* _Exercise goal_:
Lines in the listing below that hold "Driving" are the ones to copy.

* _Records_:
------------------------------

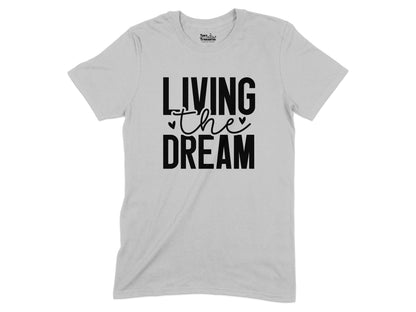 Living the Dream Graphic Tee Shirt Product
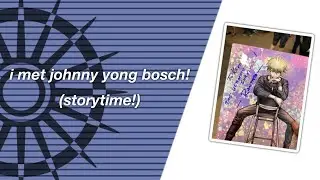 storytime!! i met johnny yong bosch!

------------------------------

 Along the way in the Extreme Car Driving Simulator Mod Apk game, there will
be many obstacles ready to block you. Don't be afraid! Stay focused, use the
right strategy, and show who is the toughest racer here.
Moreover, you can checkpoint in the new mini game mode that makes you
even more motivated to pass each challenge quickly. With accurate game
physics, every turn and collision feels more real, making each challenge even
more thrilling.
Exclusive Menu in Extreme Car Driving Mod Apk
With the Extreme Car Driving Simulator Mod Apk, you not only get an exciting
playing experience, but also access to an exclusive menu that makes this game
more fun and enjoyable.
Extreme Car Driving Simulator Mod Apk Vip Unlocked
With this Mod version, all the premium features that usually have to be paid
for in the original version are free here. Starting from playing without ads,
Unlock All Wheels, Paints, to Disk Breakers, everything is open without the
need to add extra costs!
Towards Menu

------------------------------

* _Answer for the task_:
 Along the way in the Extreme Car Driving Simulator Mod Apk game, there will
Exclusive Menu in Extreme Car Driving Mod Apk
With the Extreme Car Driving Simulator Mod Apk, you not only get an exciting
Extreme Car Driving Simulator Mod Apk Vip Unlocked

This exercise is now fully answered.